Operating margin for industrial and terminal. This was really, I must say that, this was really the acid test. Can we bring it back to the right track? Yes, we were. We have been able to do that. Long work, many years of struggling. Now it's on the right path. As I said earlier, 4.2%, am I happy with that? I'm happy with the curve. I'm not happy with the 4.2%, no. Marine, for a number of quarters, we have said that, hey, we had a extremely strong order book during the real boom, that will one day end. Now you can see that there it has turned the other direction. We have also said that we don't see any reason with the big order book for it to be less than double digit.
It will be on a good level, it will not be on the Q2 level. Extremely happy with this performance, I must say. Gross profit, we also get the questions about the gross profit. It came down now a bit, it's a mix of product mix. Nothing that worries me. I was much more worried about the curve going down and down us bringing it up now. Small variations, nothing to worry about. Cash flow, said net working capital decreased to EUR 89 million. Good performance, EUR 66 million cash flow. Service, slightly positive. Increased order intake on service. I think that this is. I don't think we have lost market share or anything in service.
It's more our customers that are much more cost conscious than before.
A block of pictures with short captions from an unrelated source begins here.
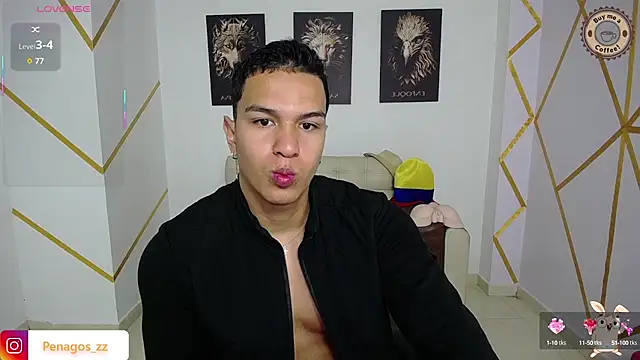 Taylor John online show from 03/17/25, 02:34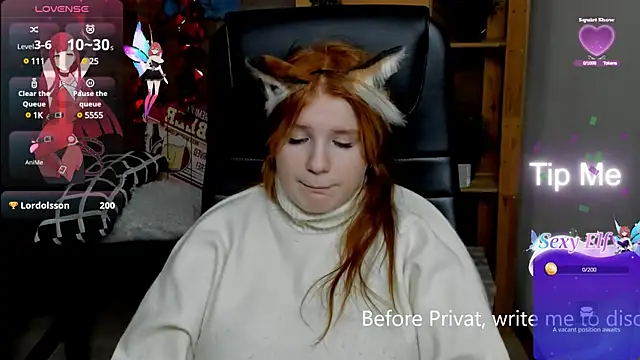 Snapshot of Java_fire chatting on February 26, 2025, 10:58 pm Java fire online show from February 26, 2025, 10:58 pm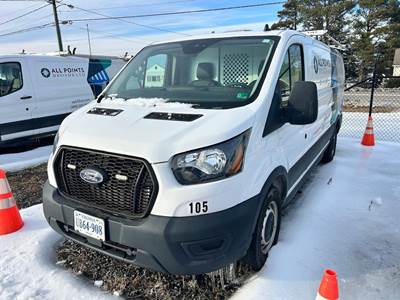 Ford Transit Cargo Van - 3.5L V6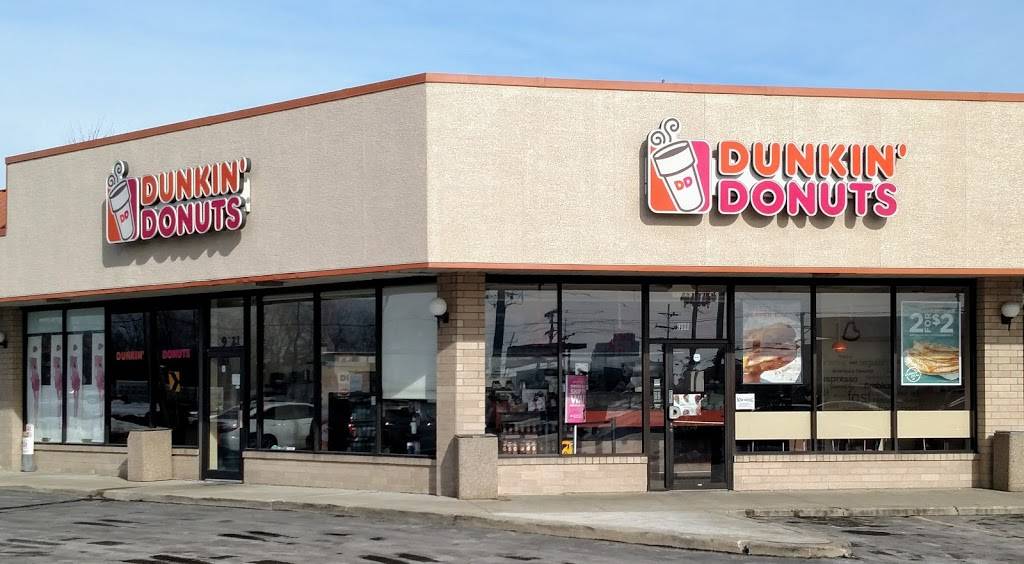 Dunkin Donuts | cafe | 9721 N Milwaukee Ave, Glenview, IL 60025, USA | 8479652299 OR +1 847-965-2299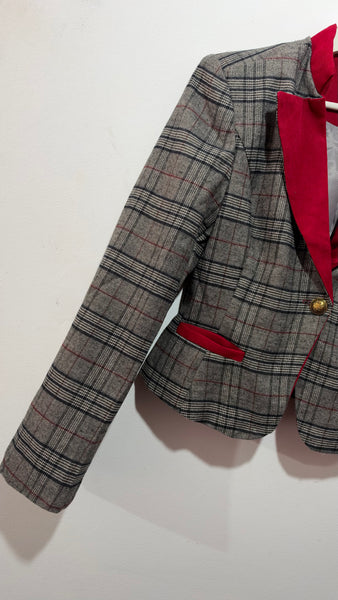 Blazer Mini Capitán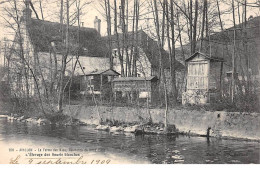 AVALLON - La Ferme Des Nids - L'Elevage Des Souris Blanches - Très Bon état - Avallon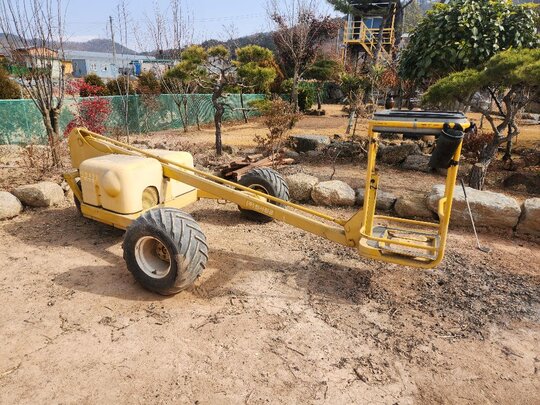  리프트 리프트  앞좌측면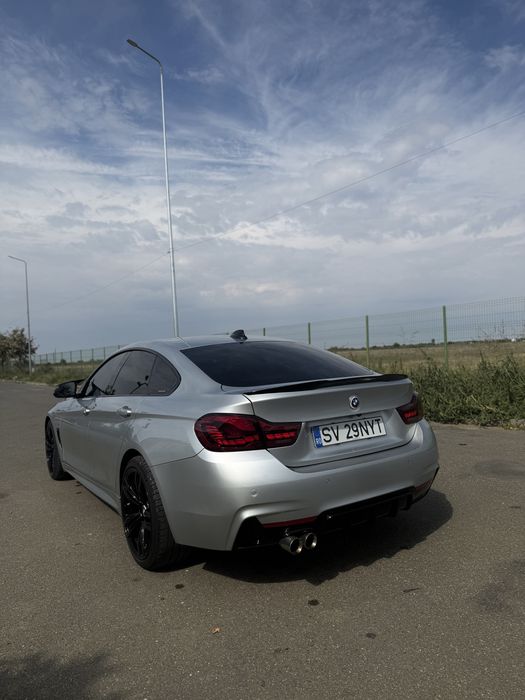 Vand BMW 420D 2015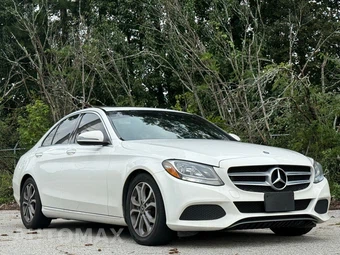 2018 Mercedes-Benz C 300 Sedan - car from the USA, Manheim Buy-Now listing at AUTOMAX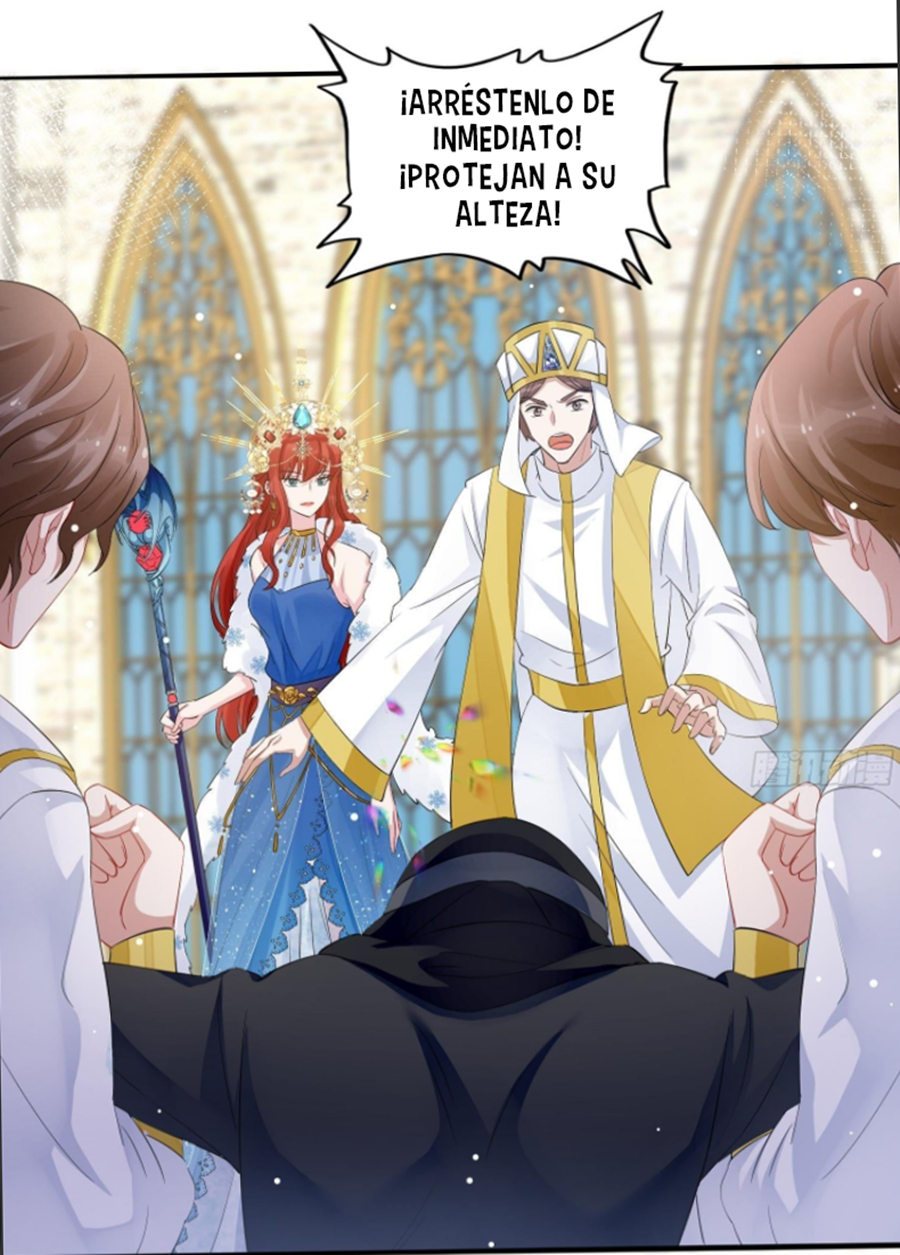 Todos los hombres salvajes quieren casarse conmigo Capítulo 1 - Página 14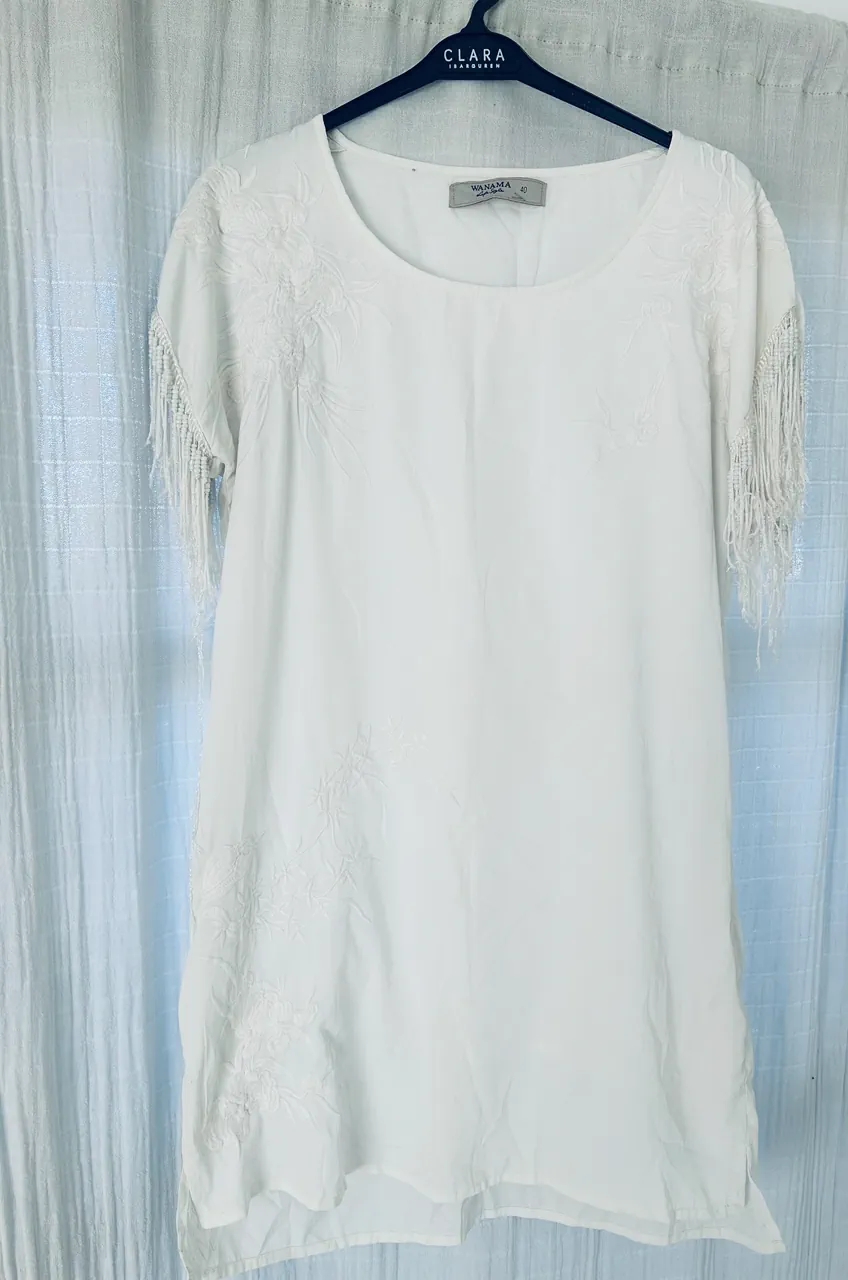 Blusa Wanama - imagen 1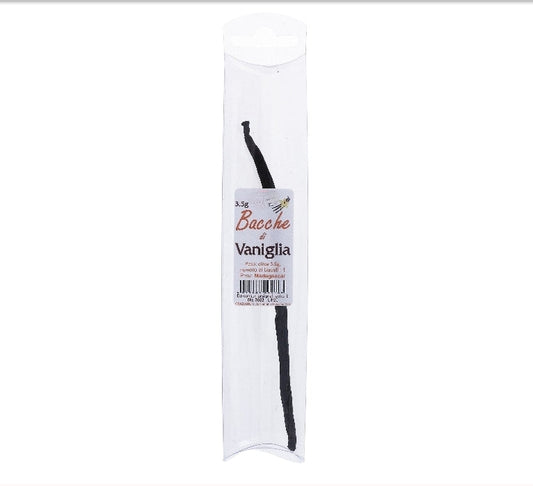 BACCHE DI VANIGLIA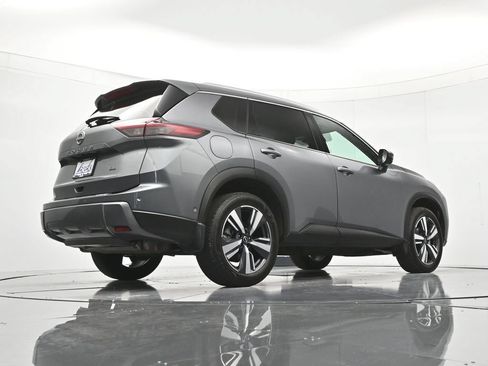 Certified 2024 Nissan Rogue SL w/ SL Premium Package FWD image 42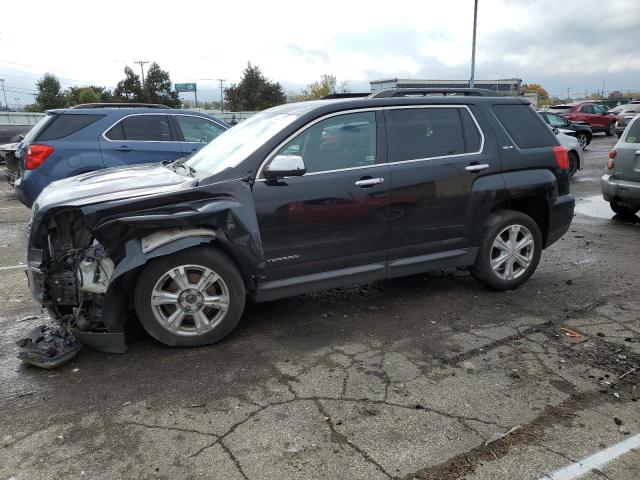 GMC TERRAIN SL 2016 with VIN 2GKFLTEK5G6227204 - Photo from auction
They see that how long can they run their equipment before doing service and so on. Earnings per share, pure mathematics. Extremely good bounce back from what it was. Now, for the whole group, EMEA and APAC are equal in size by sales. Again, if you remember already when I came, that was one of the ideas that we have to get more balanced. In my opinion, the Americas is still too small, but we are working on that as well. We should have three almost equal size geographical segments. Key priorities.
Okay, we are already towards the end of 2010, but just to remind you that they are preparing for a growth strategy, as I said earlier, going into the segment, by far the market leader in those segments that we choose. Focus on research and development. We have many new products coming out, environmentally friendly products, totally new type of products. Service concept, I was talking about that a bit earlier. Of course we still have this ongoing that will go on forever, efficiency targets, how to be more efficient, what can you do better, how can you, how can you get more out of this machine? We actually reduced, when we did the One Company, we reduced by two layers the organization. Is there still one layer that we could take out?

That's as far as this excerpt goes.